Personal information
- Full name: David Paterson Watt
- Born: 1885 Dunbar, East Lothian, Scotland
- Died: 25 April 1917 (aged 31) Kent, England
- Sporting nationality: Scotland

Career
- Status: Professional
- Professional wins: 1

Best results in major championships
- Masters Tournament: DNP
- PGA Championship: DNP
- U.S. Open: DNP
- The Open Championship: T25: 1914

= Davie Watt =

Scottish professional golfer

David Paterson Watt (1885 – 25 April 1917) was a Scottish professional golfer. He won the Scottish Professional Championship in 1914. He was one of the few left-handed golfers of the period. Watt was in the Cameron Highlanders during World War I but died following a leg amputation.

==Early life==
Watt was born in 1885 in Dunbar, East Lothian, Scotland. He had four golfing brothers: Jim, John, Robert and Willie.

==Golf career==
While at Dirleton, Watt was runner-up to Willie Binnie in the 1909 Dunlop Cup, taking the second prize of £5.

In 1910 Watt became the professional at Mortonhall Golf Club, just south of Edinburgh.

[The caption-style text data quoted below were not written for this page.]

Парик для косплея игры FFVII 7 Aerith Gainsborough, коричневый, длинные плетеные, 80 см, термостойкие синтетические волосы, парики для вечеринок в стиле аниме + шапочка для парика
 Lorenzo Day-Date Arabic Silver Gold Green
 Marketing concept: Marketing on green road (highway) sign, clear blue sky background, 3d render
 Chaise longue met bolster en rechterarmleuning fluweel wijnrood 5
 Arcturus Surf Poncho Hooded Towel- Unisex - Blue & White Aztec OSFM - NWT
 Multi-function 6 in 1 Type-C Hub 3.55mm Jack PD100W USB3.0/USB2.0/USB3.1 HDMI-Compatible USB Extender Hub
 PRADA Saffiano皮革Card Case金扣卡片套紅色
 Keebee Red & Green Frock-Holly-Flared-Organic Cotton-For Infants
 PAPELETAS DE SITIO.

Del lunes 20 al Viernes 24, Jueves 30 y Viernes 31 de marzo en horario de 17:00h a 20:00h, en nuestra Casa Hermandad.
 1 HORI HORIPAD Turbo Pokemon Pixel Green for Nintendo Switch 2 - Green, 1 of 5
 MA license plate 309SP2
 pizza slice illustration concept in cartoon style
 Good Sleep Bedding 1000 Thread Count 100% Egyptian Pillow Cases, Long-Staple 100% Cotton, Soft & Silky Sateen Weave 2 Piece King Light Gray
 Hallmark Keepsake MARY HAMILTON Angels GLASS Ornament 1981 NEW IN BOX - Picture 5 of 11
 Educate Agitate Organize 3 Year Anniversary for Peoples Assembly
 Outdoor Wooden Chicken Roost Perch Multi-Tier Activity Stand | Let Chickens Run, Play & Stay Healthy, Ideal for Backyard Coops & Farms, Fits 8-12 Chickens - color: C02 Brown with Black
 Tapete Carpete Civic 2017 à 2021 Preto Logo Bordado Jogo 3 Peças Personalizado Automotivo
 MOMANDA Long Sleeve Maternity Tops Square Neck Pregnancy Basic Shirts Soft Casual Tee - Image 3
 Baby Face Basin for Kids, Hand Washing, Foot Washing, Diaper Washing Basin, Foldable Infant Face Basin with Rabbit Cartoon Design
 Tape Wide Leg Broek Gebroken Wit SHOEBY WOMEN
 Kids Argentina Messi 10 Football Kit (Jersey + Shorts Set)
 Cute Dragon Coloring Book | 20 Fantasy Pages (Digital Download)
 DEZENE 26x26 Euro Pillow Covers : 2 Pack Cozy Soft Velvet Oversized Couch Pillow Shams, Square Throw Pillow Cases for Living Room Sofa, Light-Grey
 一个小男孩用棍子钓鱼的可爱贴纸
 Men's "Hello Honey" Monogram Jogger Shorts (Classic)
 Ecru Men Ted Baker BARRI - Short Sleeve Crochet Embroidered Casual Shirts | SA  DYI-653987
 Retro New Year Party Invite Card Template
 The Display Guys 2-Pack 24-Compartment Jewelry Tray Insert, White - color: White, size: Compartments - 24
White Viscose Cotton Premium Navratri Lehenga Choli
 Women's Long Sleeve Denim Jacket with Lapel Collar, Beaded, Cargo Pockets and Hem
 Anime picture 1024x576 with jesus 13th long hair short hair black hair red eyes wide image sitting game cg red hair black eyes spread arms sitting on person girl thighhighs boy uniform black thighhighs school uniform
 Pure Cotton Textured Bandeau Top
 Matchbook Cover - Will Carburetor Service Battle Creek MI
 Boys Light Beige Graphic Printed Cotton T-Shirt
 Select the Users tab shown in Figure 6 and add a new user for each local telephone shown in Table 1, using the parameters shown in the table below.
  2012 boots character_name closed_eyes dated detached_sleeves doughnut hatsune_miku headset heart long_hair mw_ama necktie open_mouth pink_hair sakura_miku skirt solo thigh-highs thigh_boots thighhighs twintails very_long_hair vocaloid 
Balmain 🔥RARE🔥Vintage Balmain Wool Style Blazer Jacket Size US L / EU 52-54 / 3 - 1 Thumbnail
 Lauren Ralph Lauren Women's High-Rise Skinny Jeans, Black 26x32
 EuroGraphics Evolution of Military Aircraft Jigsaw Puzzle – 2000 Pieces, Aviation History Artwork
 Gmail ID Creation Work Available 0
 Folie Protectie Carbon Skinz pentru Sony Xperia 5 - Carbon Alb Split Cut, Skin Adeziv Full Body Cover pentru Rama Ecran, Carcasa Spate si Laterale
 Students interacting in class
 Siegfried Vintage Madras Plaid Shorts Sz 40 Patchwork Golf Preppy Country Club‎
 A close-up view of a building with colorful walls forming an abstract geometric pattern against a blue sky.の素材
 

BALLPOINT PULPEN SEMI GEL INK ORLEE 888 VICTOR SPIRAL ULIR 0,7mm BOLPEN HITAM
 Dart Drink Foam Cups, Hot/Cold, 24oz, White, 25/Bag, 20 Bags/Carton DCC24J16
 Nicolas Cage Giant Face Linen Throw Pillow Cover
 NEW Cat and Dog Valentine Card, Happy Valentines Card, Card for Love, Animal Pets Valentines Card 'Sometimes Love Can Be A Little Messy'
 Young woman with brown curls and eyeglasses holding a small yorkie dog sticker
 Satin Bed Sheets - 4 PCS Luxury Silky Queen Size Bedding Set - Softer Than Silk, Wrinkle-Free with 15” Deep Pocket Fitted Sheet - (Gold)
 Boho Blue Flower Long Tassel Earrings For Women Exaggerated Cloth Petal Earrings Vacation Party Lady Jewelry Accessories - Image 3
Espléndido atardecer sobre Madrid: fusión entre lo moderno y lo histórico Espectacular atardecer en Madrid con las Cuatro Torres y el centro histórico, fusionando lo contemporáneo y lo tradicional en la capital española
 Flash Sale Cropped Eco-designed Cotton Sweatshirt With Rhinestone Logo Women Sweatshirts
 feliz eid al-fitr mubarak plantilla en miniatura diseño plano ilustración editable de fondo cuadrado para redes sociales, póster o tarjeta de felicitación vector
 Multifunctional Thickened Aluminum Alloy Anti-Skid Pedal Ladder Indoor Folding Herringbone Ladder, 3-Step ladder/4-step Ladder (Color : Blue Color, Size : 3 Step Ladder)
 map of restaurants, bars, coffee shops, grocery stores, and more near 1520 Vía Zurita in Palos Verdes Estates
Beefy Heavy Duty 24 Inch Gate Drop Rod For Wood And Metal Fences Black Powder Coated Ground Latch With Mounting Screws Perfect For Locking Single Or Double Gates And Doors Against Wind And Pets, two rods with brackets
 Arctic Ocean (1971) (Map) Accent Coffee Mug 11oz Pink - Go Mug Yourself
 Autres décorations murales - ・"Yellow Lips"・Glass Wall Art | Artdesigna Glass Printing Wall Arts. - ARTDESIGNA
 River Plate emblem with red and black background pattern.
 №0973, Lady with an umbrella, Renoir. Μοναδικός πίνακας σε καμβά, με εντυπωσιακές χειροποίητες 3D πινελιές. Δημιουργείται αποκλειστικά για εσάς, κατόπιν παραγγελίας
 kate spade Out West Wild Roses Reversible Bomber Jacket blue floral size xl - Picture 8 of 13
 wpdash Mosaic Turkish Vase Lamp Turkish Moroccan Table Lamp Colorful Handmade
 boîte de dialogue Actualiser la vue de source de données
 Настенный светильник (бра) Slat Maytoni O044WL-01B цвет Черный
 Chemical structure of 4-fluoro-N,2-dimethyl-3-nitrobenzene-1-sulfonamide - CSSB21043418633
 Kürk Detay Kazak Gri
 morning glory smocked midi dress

Watt was runner-up in the 1912 Scottish Professional Championship. at Dunbar, 5 strokes behind his brother Willie. He took the second prize of £15. He went one better in the 1914 Championship at Glen Golf Club, beating Willie by 2 strokes and winning the first prize of £20. Willie led by 5 shots after the third round but took 78 in the final round to Davie's excellent 71. Willie came to the last hole needing 4 to tie but got into two bunkers and took 6. Watt played in the 1914 Open Championship at Prestwick Golf Club and finished tied for 25th place, again two shots better than Willie.

==Death==
Watt died on 25 April 1917 in a Kent Hospital. He was in the Cameron Highlanders and died following a leg amputation. He was buried in Newington Cemetery in Edinburgh. His name is on the Dirleton War Memorial.

==Tournament wins==
- 1914 Scottish Professional Championship

==Results in major championships==

| Tournament | 1914 |
|---|---|
| The Open Championship | T25 |

Note: Watt only played in The Open Championship.